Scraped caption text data
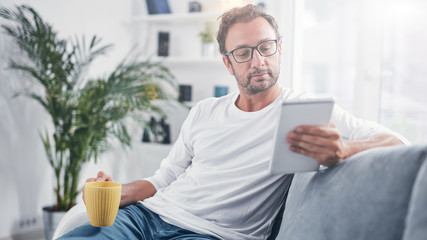 Wall Mural - Man holding tablet, surfing online and drinking coffee.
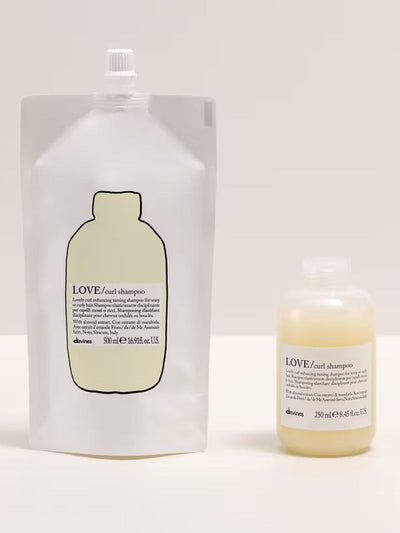 Love Curl Shampoo Refill pouch and bottle designed for wavy and curly hair, enriched with almond extract for enhanced curl definition.
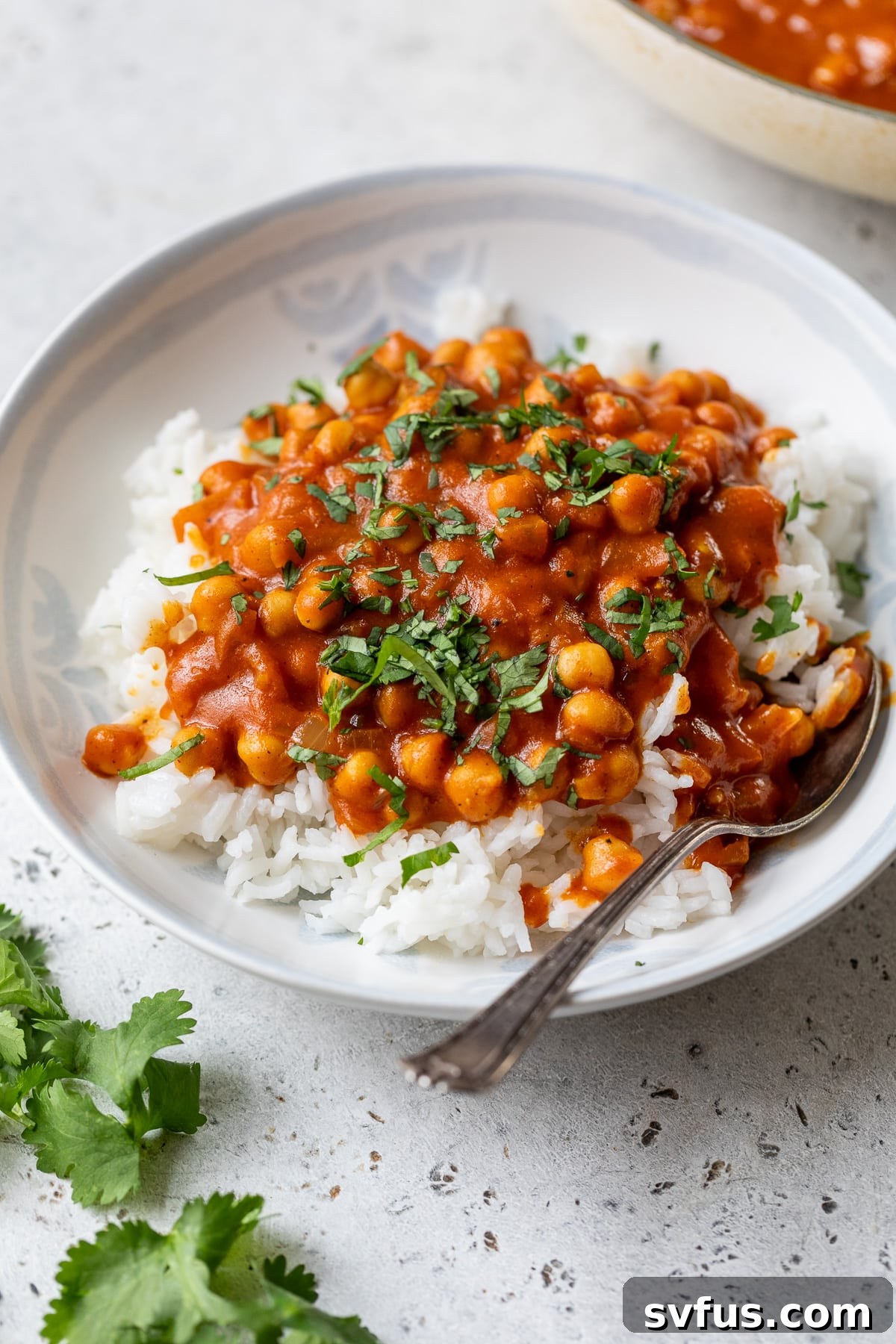 Another enticing image of creamy vegan butter chickpeas served over white rice in a bowl, garnished with fresh cilantro, ready to be enjoyed with a spoon.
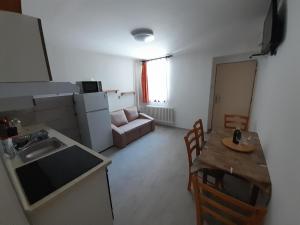 a kitchen and dining room with a table and a kitchen and a table and chairs at Apartmán 254 b in Janske Lazne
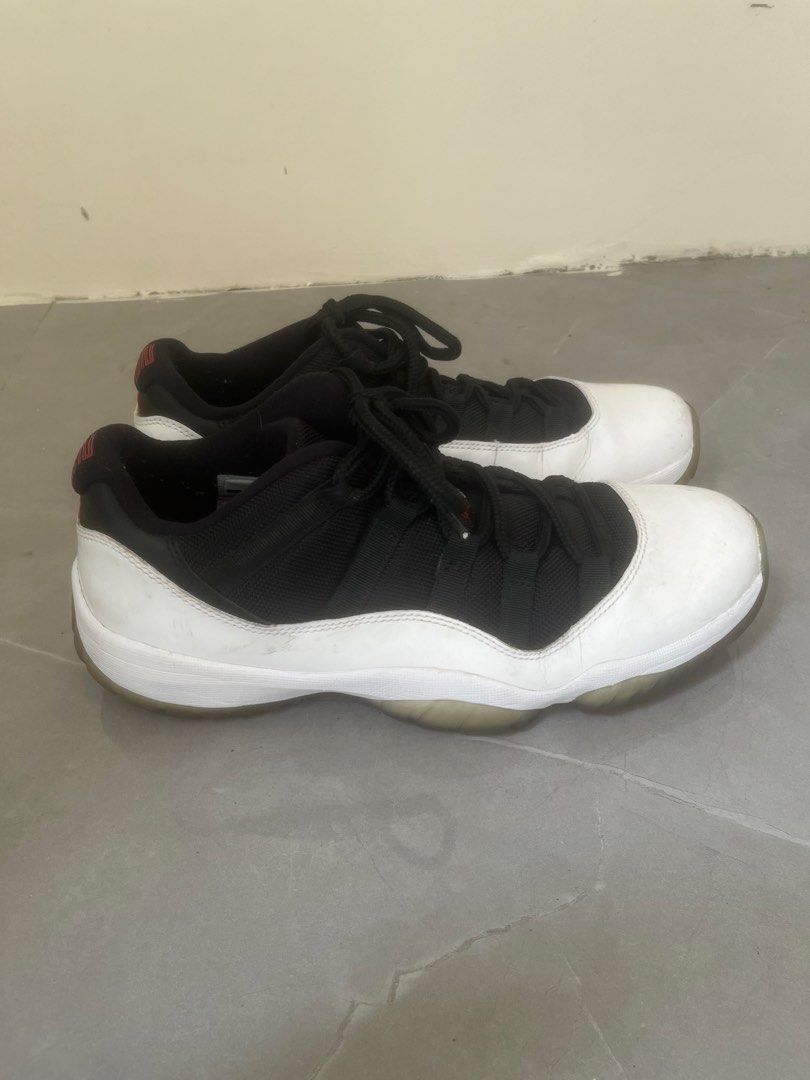 Air Jordan 11 Retro Low Tuxedo (Category: Sneakers) located in Bulacan. Submitted by jhemieee (Listing ID 1470191582, Image 2). Description: - Model: Air Jordan 11 Retro Low 'Concord' - Size: US 9 / UK 8 / EUR 42.5 - Design: Black mesh upper with iconic white patent leather mudguard and translucent outsole with red traction pods - Condition: Minor scuffs on the white patent leather and natural yellowing on the soles due to age and wear - Authenti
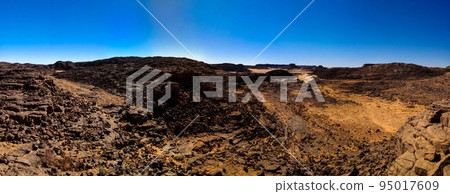 Aerial panoramic view to El Berdj mountain and erg gorge in Tassili nAjjer national park, Algeria Aerial panoramic view to El Berdj mountain and erg gorge in Tassili nAjjer national park, Algeria 95017609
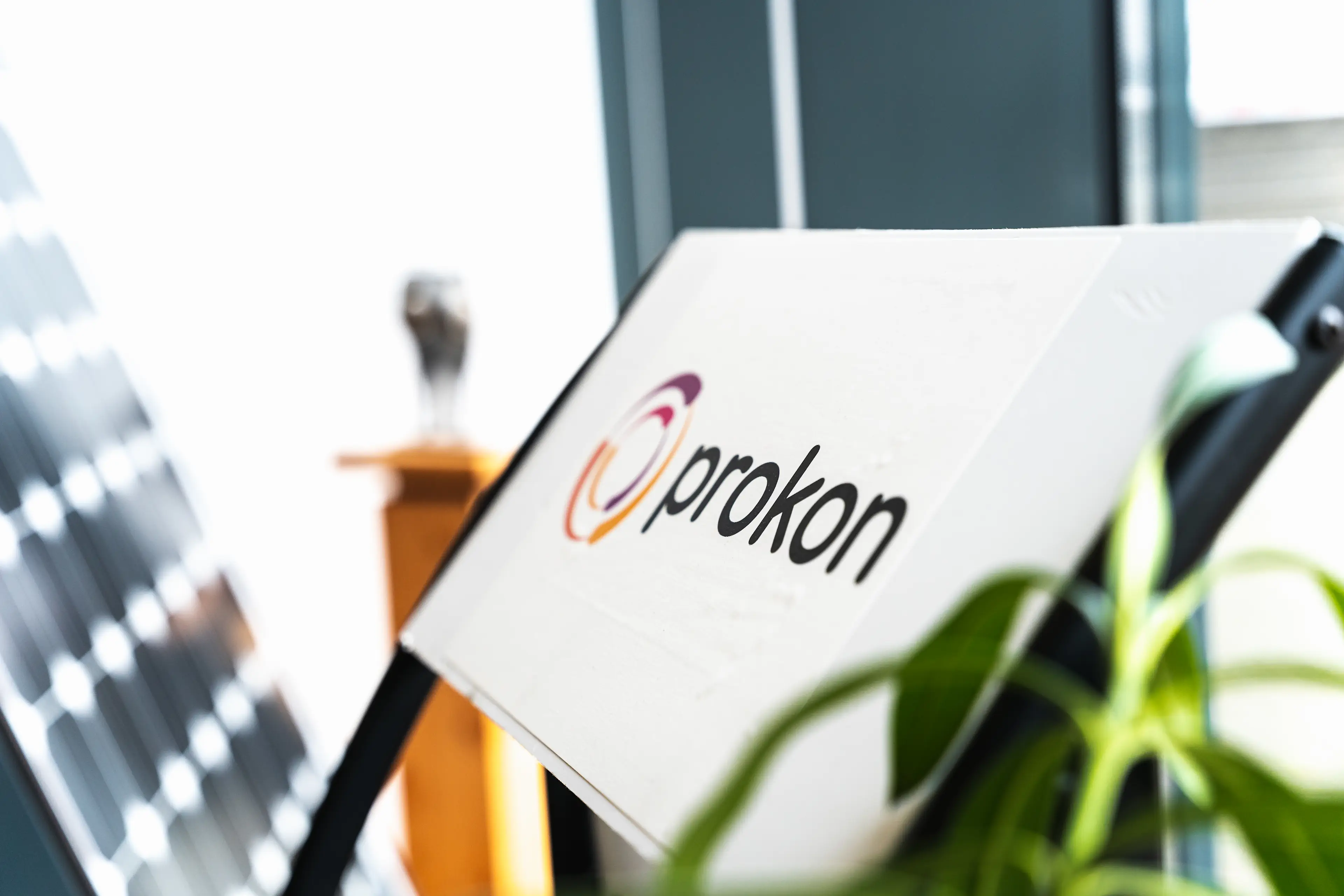 Prokon Logo auf einem Aufsteller mit weißem Hintergrund und schwarzer Schrift so wie farbigem Rotor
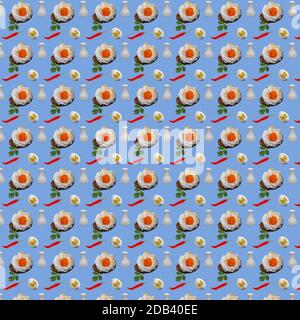 Seamless pattern with repeating breakfast objects orsini egg, whole eggs and chili peppers on a blue background Stock Photo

→ Exercise goal: Copy the lines from the line that contains "Another enticing image" through the end of the records, exactly and with nothing added; leave the pictures out.

→ Response box:
 Another enticing image of creamy vegan butter chickpeas served over white rice in a bowl, garnished with fresh cilantro, ready to be enjoyed with a spoon.
 a kitchen and dining room with a table and a kitchen and a table and chairs at Apartmán 254 b in Janske Lazne
 Air Jordan 11 Retro Low Tuxedo (Category: Sneakers) located in Bulacan. Submitted by jhemieee (Listing ID 1470191582, Image 2). Description: - Model: Air Jordan 11 Retro Low 'Concord' - Size: US 9 / UK 8 / EUR 42.5 - Design: Black mesh upper with iconic white patent leather mudguard and translucent outsole with red traction pods - Condition: Minor scuffs on the white patent leather and natural yellowing on the soles due to age and wear - Authenti
 Aerial panoramic view to El Berdj mountain and erg gorge in Tassili nAjjer national park, Algeria Aerial panoramic view to El Berdj mountain and erg gorge in Tassili nAjjer national park, Algeria 95017609
 Prokon Logo auf einem Aufsteller mit weißem Hintergrund und schwarzer Schrift so wie farbigem Rotor
 Seamless pattern with repeating breakfast objects orsini egg, whole eggs and chili peppers on a blue background Stock Photo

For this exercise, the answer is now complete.